* What is expected:
Would you retype the line that contains "白色剪纸飞马设计矢量素材图片" and all lines following it to the end of the entries below, exactly and without pictures?

== Data provided

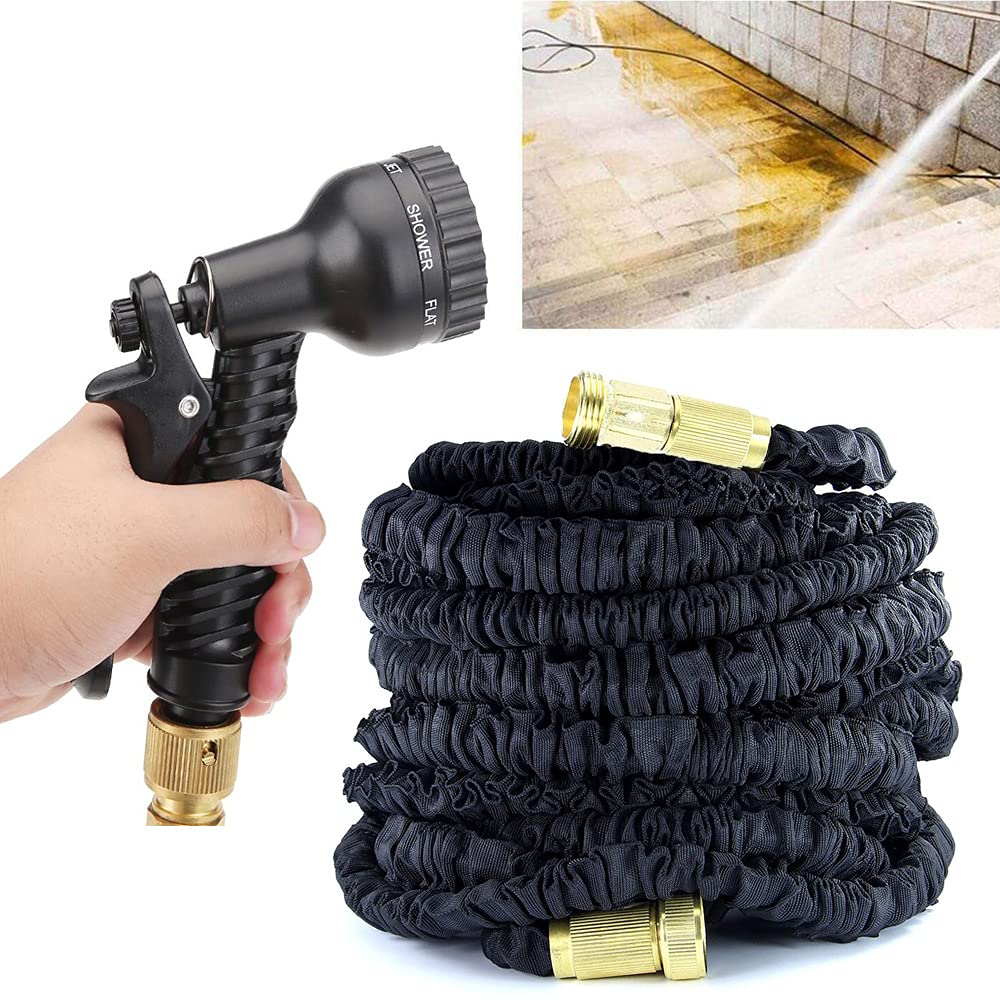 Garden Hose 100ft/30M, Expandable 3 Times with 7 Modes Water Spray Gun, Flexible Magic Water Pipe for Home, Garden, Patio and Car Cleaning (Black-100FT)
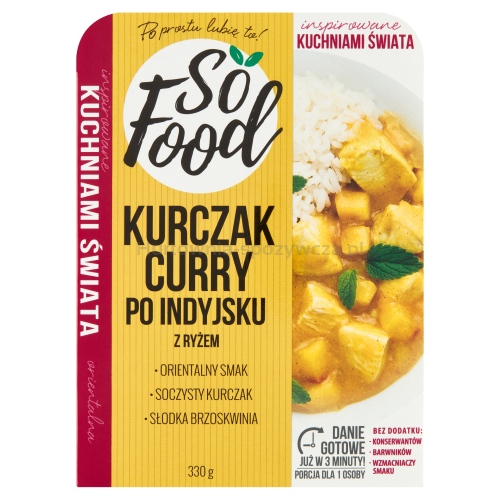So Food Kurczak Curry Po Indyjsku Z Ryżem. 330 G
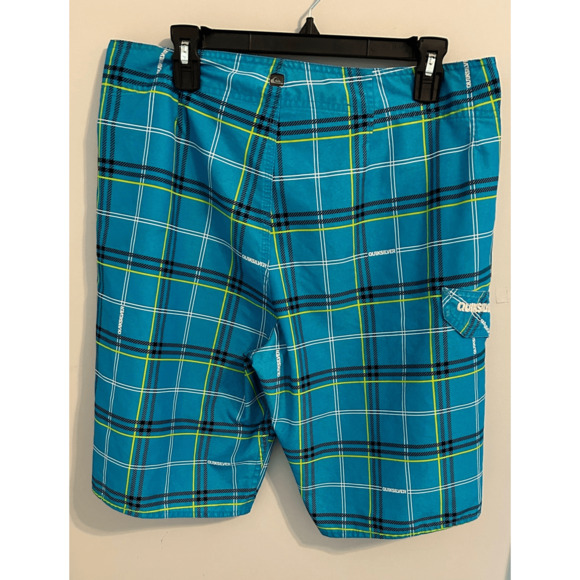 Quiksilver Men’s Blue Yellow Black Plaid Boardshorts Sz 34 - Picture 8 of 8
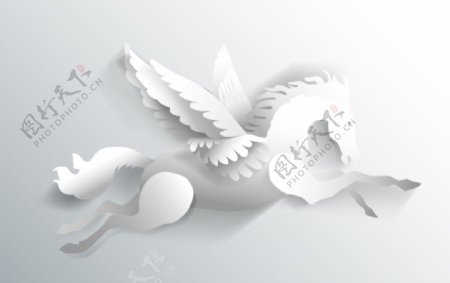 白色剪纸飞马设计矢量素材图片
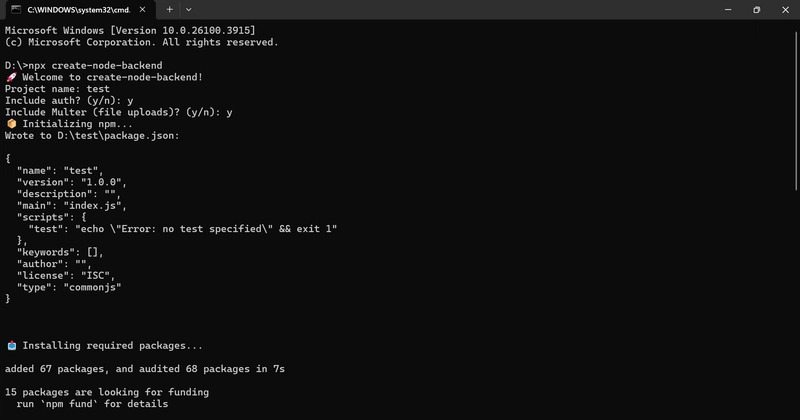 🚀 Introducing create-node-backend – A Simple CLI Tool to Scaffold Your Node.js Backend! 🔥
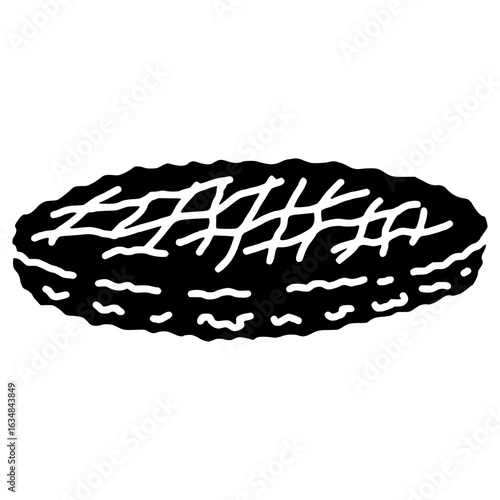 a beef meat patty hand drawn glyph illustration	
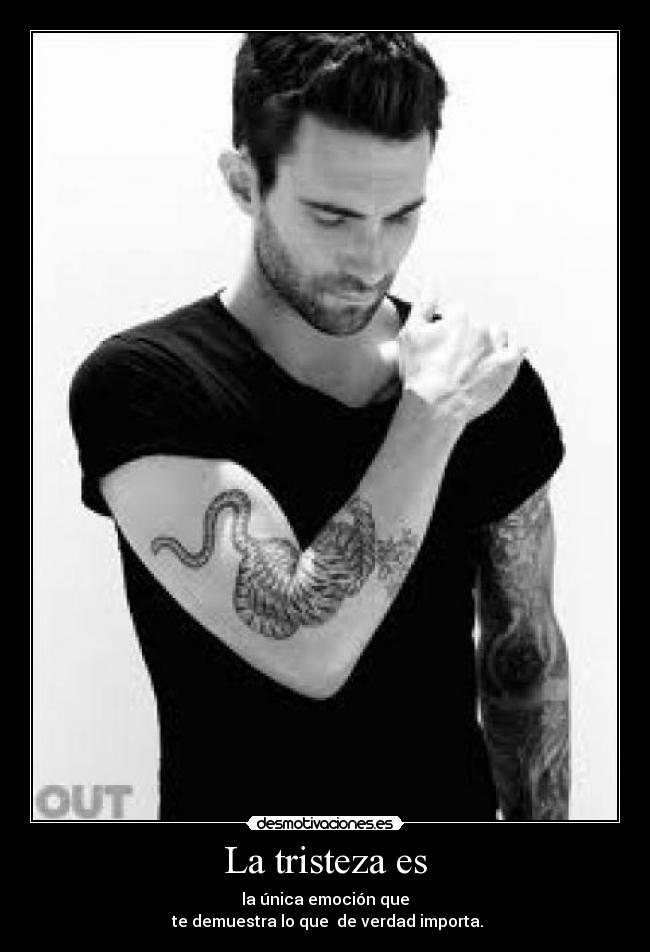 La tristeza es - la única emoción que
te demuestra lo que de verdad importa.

====

* Result for this exercise:
 白色剪纸飞马设计矢量素材图片
 🚀 Introducing create-node-backend – A Simple CLI Tool to Scaffold Your Node.js Backend! 🔥
 a beef meat patty hand drawn glyph illustration	
 La tristeza es - la única emoción que
te demuestra lo que de verdad importa.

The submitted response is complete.